NWCDN State News – West Virginia

Dill Battle, Spilman Thomas & Battle, PLLC

With assistance from clerks Alan Parsons, Carter Capehart, and Jonathan Gharib.

July 10, 2025

At the June 12, 2025 Annual Conference of the West Virginia Workers’ Compensation Association, Insurance Commissioner Allan McVey provided an update on the state of the West Virginia Workers’ Compensation Insurance Market. Commissioner McVey reported 356 insurance companies are eligible to write coverage, with 281 insurance companies have an active policy. As of 5/31/25, there are 40,238 policies in West Virginia. There are 47 active self-insured employers in West Virginia. In calendar year 2024 , there was $251,931,031 direct premium dollars. The loss cost effective date changed from November 1 to January 1 with a 9.1% Loss Costs Reduction on January 1, 2025 ($15,000,000 savings). This year marks 20 consecutive years of loss costs decreases with overall premium declining 85.2%, a savings of $481,000,000 to employers. The residual market has 4.6% of policies.

 

Commissioner McVey reported that fiscal year 2025 benefit rates have been updated and the Average Weekly Wage (AWW) in the private sector increased 4% to $1,109.90, for an annual average salary of $57,715. A worker needs to earn $1,664.85 per week or $86,810 annually to receive the maximum allowable benefit. The minimum benefit is $193.33 weekly based on federal minimum wage of $7.25 per hour.

 

As of May 31, 2025, the Old Fund had 5580 active claims. (The Old Fund is the legacy fund for the West Virginia Workers’ Compensation Fund that was privatized in 2005.) The case reserves for the Old Fund is $728,100,339. There was a reduction of 9,346 claims in 10 years, and a reduction of approximately $1.35 billion in case reserves in those 10 years, with 80% of the case reserves are indemnity.

 

The Coal Workers’ Pneumoconiosis Fund (CWP) as of May 31, 2025, has 918 active claims with $166,790,467 in case reserves. This is an increase of 72 active claims in 10 years and an increase of approximately $20 million in case reserves over 10 years. The highest Claims and Reserves for the CWP was 2020/2021.

 

The Uninsured Employer Fund (UEF) as of May 31, 2025, had eight active claims and has $1,754,432 in case reserves. This is a reduction of 12 active claims over 10 years. An increase of approximately $964,000 in case reserves in 10 years. The UEF has an average of 13 active claims in 10 years. The Volatile Reserves are based on the claim type.

 

The Self-insured Employer Guaranty and Security Funds (combined) as of May 31, 2025, has 266 active claims, with $28,821,611 in case reserves. This is the reduction of 608 active claims in eight years. There is also reduction of $40.2 million in case reserves in eight years. The most recent “Active“ Self-Insured Employer to put claims into the SIE Fund was 2018. The most recent large “Active” Self-Insured Employer to put claims into the Fund was 2015.

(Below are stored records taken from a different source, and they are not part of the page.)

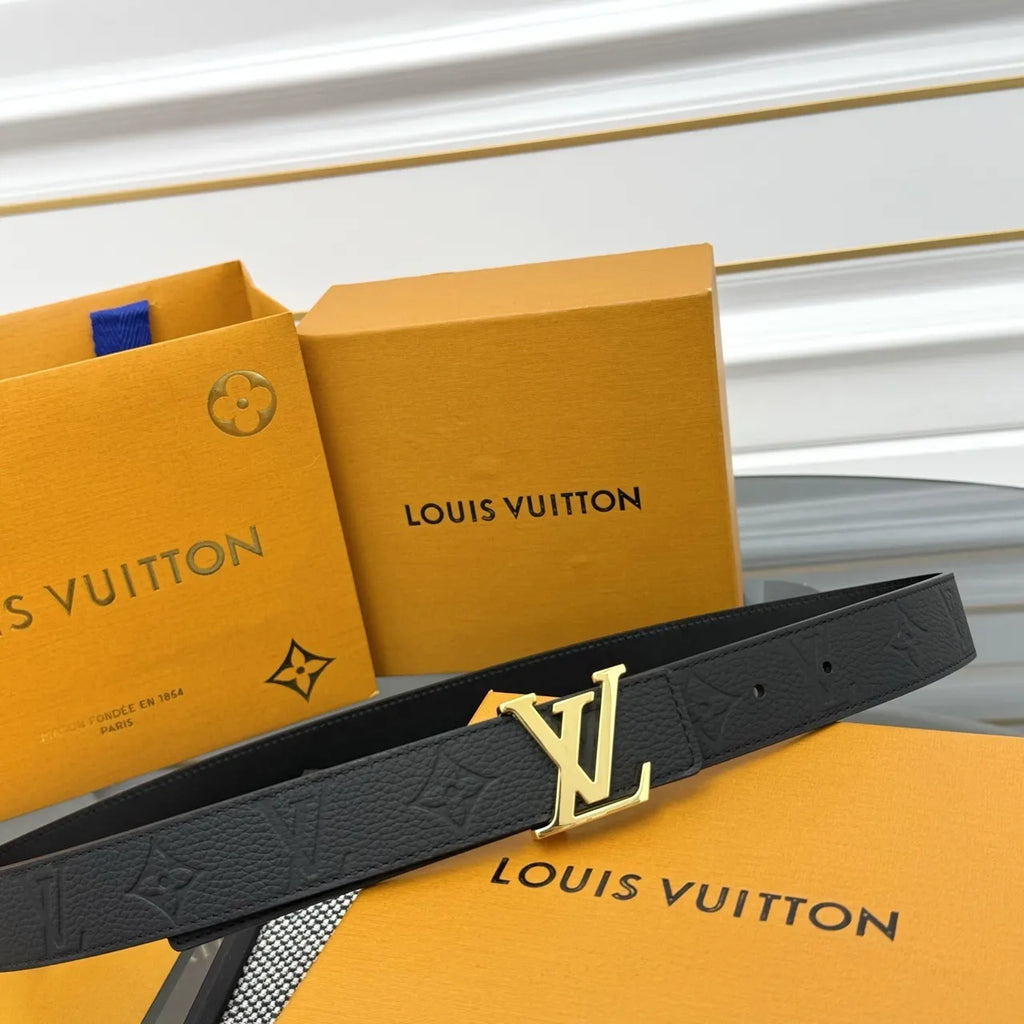 monogram Louis Vuitton Black Embossed Belt - Hình 4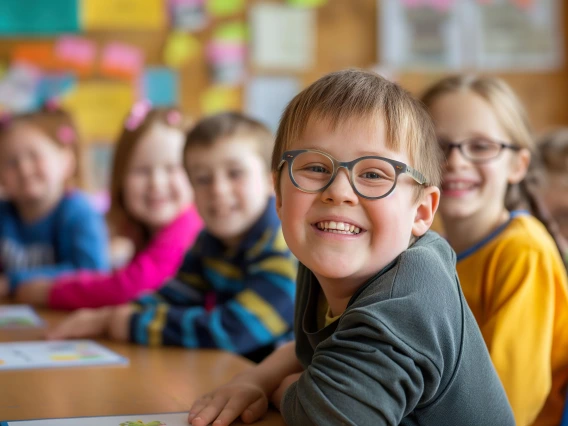 A diverse group of young children with Down syndrome sitting around a table in a classroom setting, engaging in activities and learning together.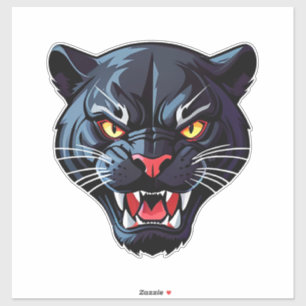 Felle Brullende Panter Mascotte Sticker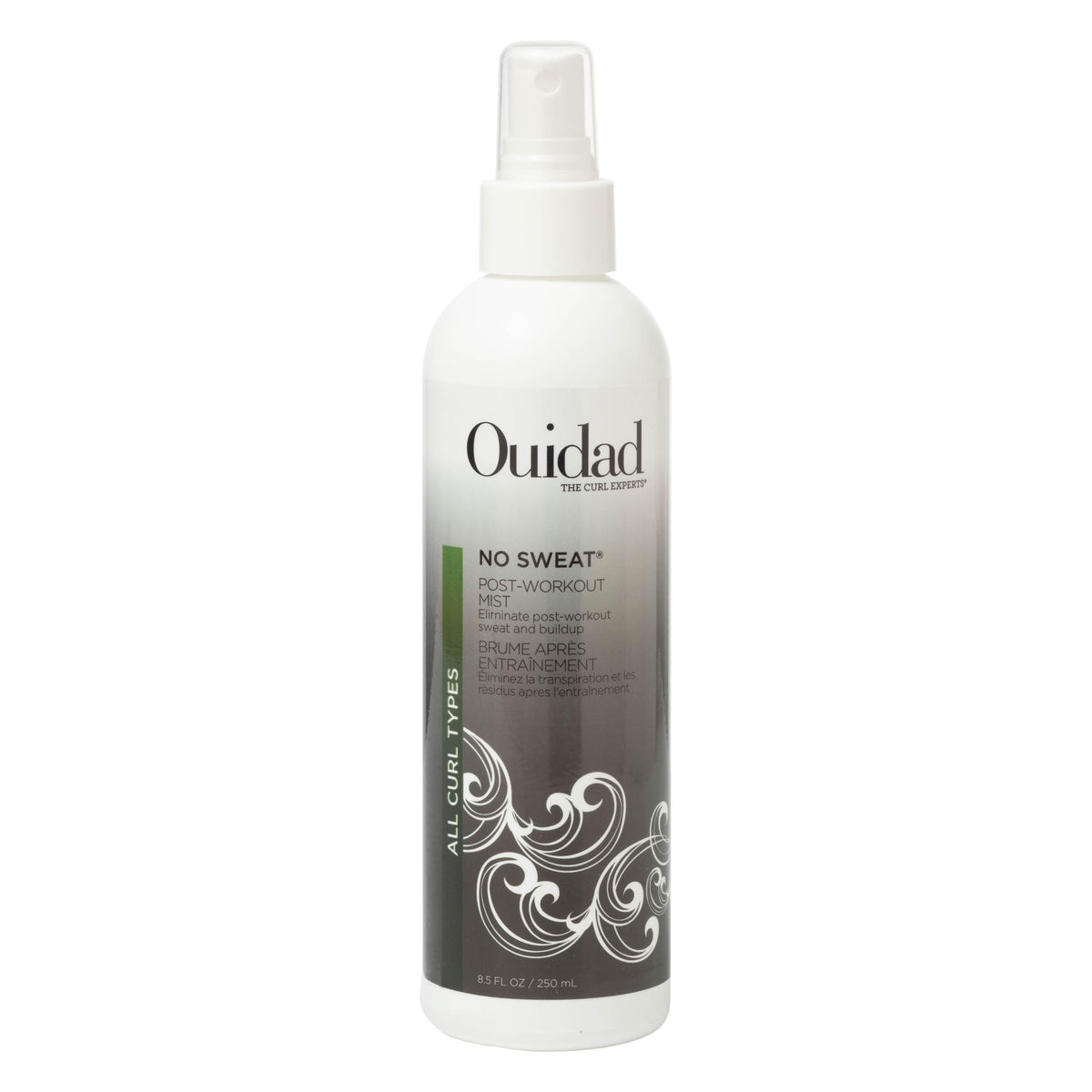 Ouidad bruma post-entrenamiento: botella visible y refrescante para rizos.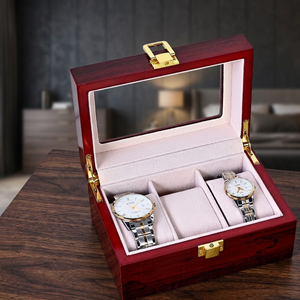 Boîte à montre rectangulaire en bois avec logo personnalisé, doublure en daim et couvercle en verre, étui de rangement de luxe pour présentation de cadeaux (vert) - Product Image 4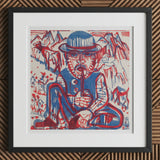 Smoking Peasant - Ernst Ludwig Kirchner Art Print / Canvas Framed Woodcut Man Pipe, Electrifying, Prints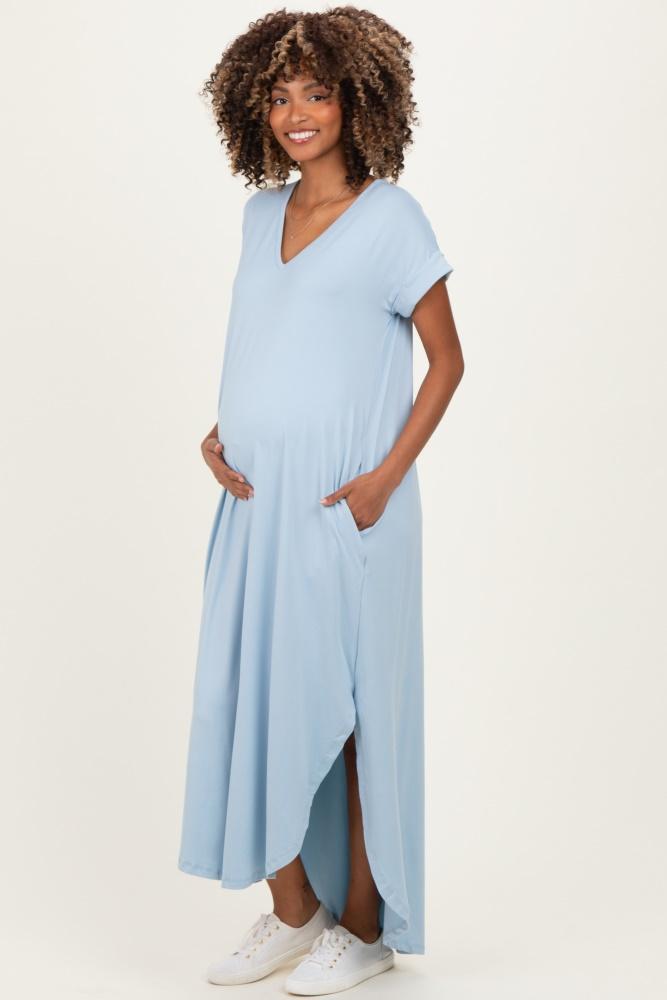 jade blue side slit maternity maxi dress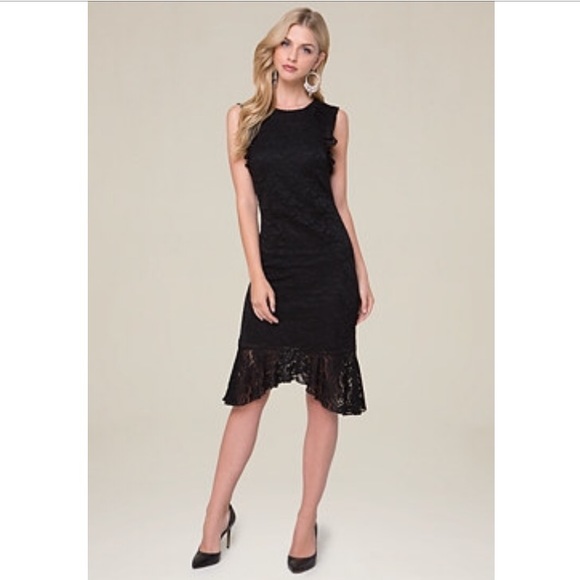 bebe Dresses & Skirts - Bebe Lace & Ruffles Hi-low Dress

The Office of the Insurance Commissioner is the administrator of the State Agency Workers’ Compensation claims, and Encova is the current carrier. This is the 15th policy year for the State Agency Workers’ Compensation in 2025. This includes more than 100 agencies, boards, and commissions with approximately 25,000 public employees, over 900 locations across West Virginia. The State Agency Workers’ Compensation claims are trending by claim count with a high of 1,525 in fiscal year 2018 to the current number of 1,261 in fiscal year 2025 year to date.

 

2025 Legislation: House Bill 2797 – Relating to Post Traumatic Stress Disorder Claims
(Effective July 11, 2025)

HB 2692 adds certified mental health nurse practitioners and certified psychiatric physician assistants to the list of health care professionals who may diagnose post-traumatic stress disorder (PTSD) as a compensable injury or disease of first responders under workers’ compensation law. The bill amends current law to state that such professionals must hold a master’s degree or higher, as well as holding a terminal license within their profession and be qualified to treat PTSD. The PTSD coverage for first responders is an optional benefit, and the claim may be covered if an employer has elected to purchase the coverage. The bill further clarifies that, while the initial diagnosis must be made by a licensed psychiatrist, certified mental health nurse practitioner or certified psychiatric physician assistant, may offer mental health treatment consistent for a PTSD diagnosis. The sunset date of July 1, 2026, was also removed making this optional benefit permanent.

 

West Virginia Supreme Court of Appeals

 

In the Spring Term of Court in 2025, the Court has issued three signed opinions and 50 memorandum decisions.

 

Compensable Psychiatric Diagnoses

In the Spring Term of the Court in 2025, the West Virginia Supreme Court of Appeals (WVSCA) issued an impactful memorandum decision concerning the requirements to adequately prove and develop a claim for compensable psychiatric diagnoses as required in W. Va. C.S.R. § 85-20-12.1 et. seq., commonly referred to as “Rule 20.”.

E.B. v. All. Coal, LLC, No. 23-409, 2025 WL 1203177 (W. Va. Apr. 25, 2025) (memorandum decision)[1]

In Alliance Coal, the Court was tasked with reviewing the Board of Review’s (BOR) denial, and the West Virginia Intermediate Court of Appeals’ affirmation (ICA), of a claimant’s request to add psychiatric diagnoses for PTSD, MDD, and GAD to his compensable injuries. The Concurring Opinions of three justices remanded the case to the BOR for a proper psychiatric evaluation in order to effectuate the purpose of West Virginia’s workers’ compensation laws.

The claimant, a coal miner, was seriously injured while working on August 30, 2020, when a hydraulic pressurized hose struck him in the face. He suffered significant physical injuries. In September 2020, Dr. Benjamin Moorehead of the Concussion Clinic at WVU Medicine recommended psychological treatment and a referral to a psychiatrist. Following the psychiatric assessment, the claim was held compensable for the psychological diagnosis of “adjustment disorder with mixed anxiety and depressed mood.” Two months following the closing of the claim, the claimant requested it be reopened for aggravation of the psychological injuries. Dr. Franklin Curry, Psy.D., filed the application, which was denied because Curry was not the claimant’s treating physician. A later application by Dr. John David Lynch, M.D., the claimant’s treating physician, was denied because Lynch was not a psychiatrist, though the claimant did submit additional reports from additional psychological providers opining on his additional diagnoses.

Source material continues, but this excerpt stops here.